How to plant a habitat garden at the local playground
With the right mix of plants, you can attract birds, bees and butterflies to a neighborhood park and teach your kids the basics of ecology
Mon, Oct 01 2012 at 4:49 PM
Volunteers work on building a habitat garden and outdoor learning lab in a corner of the playground at William B. Powell Elementary School in Washington, D.C. on June 9, 2011 (Credit: U.S. Department of Agriculture)
I've described how our circle of San Francisco families have launched a number of neighborhood projects — and in the Shareable article "Urban Butterflies," my pal Olivia Boler describes how started we started a group to explore the lifecycles of bees and butterflies and to introduce our kids to basic ecological concepts.

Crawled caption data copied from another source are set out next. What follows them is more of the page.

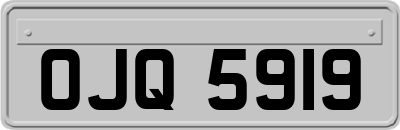 OJQ5919
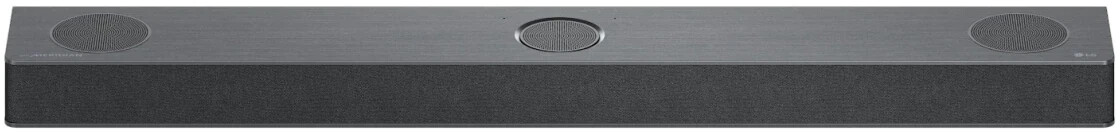 lg-s80qr-1.jpg - MARKET-TECH®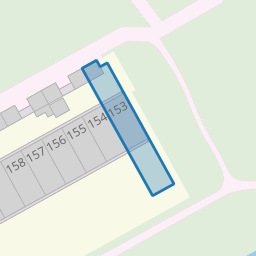 Perceel WPK02-L-7591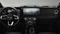 2027 Jeep Wrangler WRANGLER 4-DOOR SAHARA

This month, our "Bees and Butterflies" group went to the city and asked if we could plant a community garden in a strip of dirt available on our neighborhood playground, Noe Courts. To our surprise, the city said yes — and our kids helped plant the garden on a cloudy Saturday afternoon. Here's how we did it:
Step one: Contact the city
Our friend Karen Curtiss contacted the San Francisco Recreation and Park department, which offers a list (including emails and phone numbers) of neighborhood service managers who are the best points of entry for this kind of project. Their site is extremely user friendly, and so were the department staff, who walked us through the process of lining up the permits and resources. You can, of course, do the same in your city.

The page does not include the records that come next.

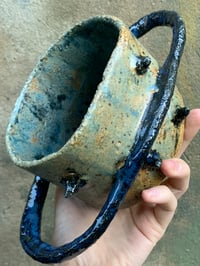 Image 1 of orbital bowl 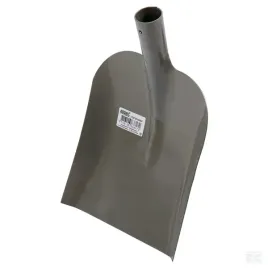 lopata-piaskowa-nieoprawna-gopart-1700181000gp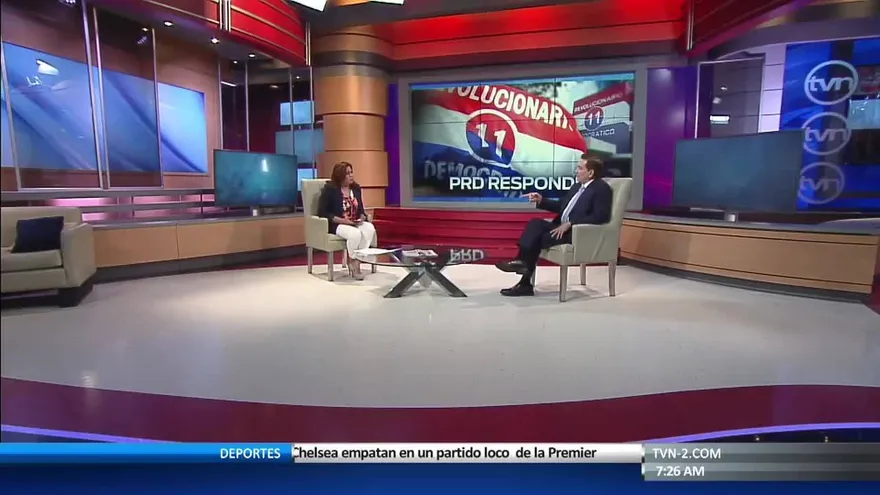 Noticiero AM 4 de enero de 2018 - Bloque 3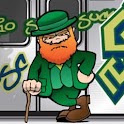 Subway Domer logo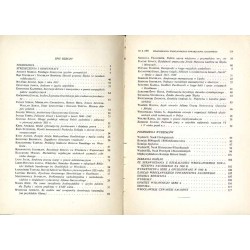 Sprawozdania Wrocławskiego Towarzystwa Naukowego. [Seria] A. Nr 23 (1968)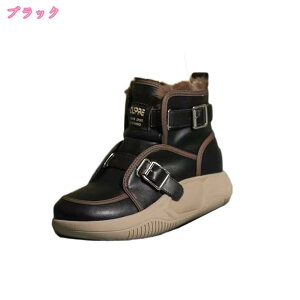 EC^[u[c h M L y tF~j q[Abv C h tgAbv fB[X Xm[u[c EB^[u[c C fB[X C ȌC ʋΒʊw ϋv Ή 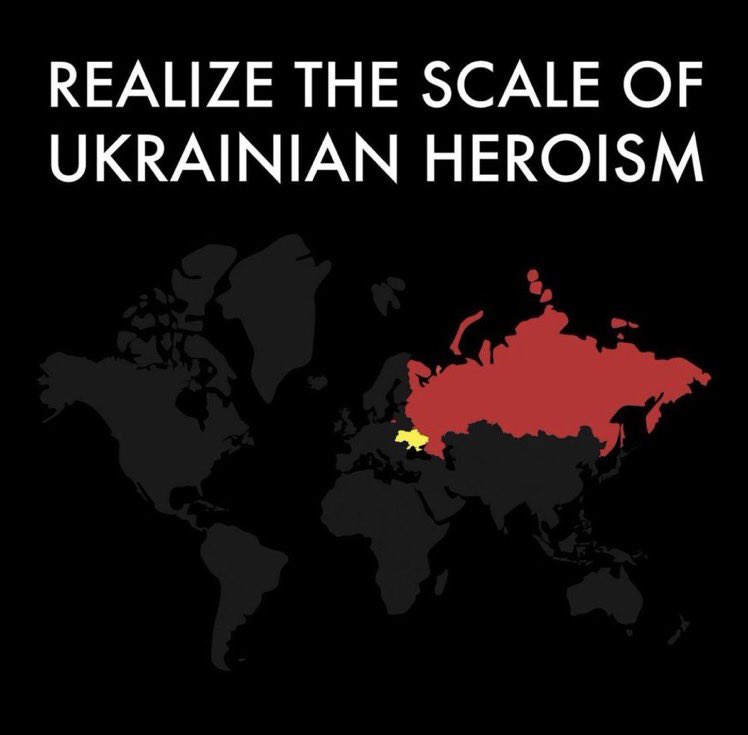 maggda's tweet photo. #ukraine #HelpUkraine #RussiaUkraineWar https://t.co/eA6lxahh5a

Step two: Take a gardening class
Karen set up a special class at Independent Nature, a local nursery that specializes in native plants and organic herbs and veggies, where the grown-up members of our group learned the basics of habitat gardening — a type of garden designed to support wildlife.
"The focus of a habitat garden is to provide food, water and shelter in an attempt to imitate nature," says Beth Saiki, the closest thing our "Bees and Butterflies" group has to a leader. A habitat garden is not just an aesthetic flourish, she says; it responds to real ecological needs: "The habitat of honeybees and butterflies has been shrinking, with the overuse of pesticides among other factors. This has led to sharp declines in these pollinator populations."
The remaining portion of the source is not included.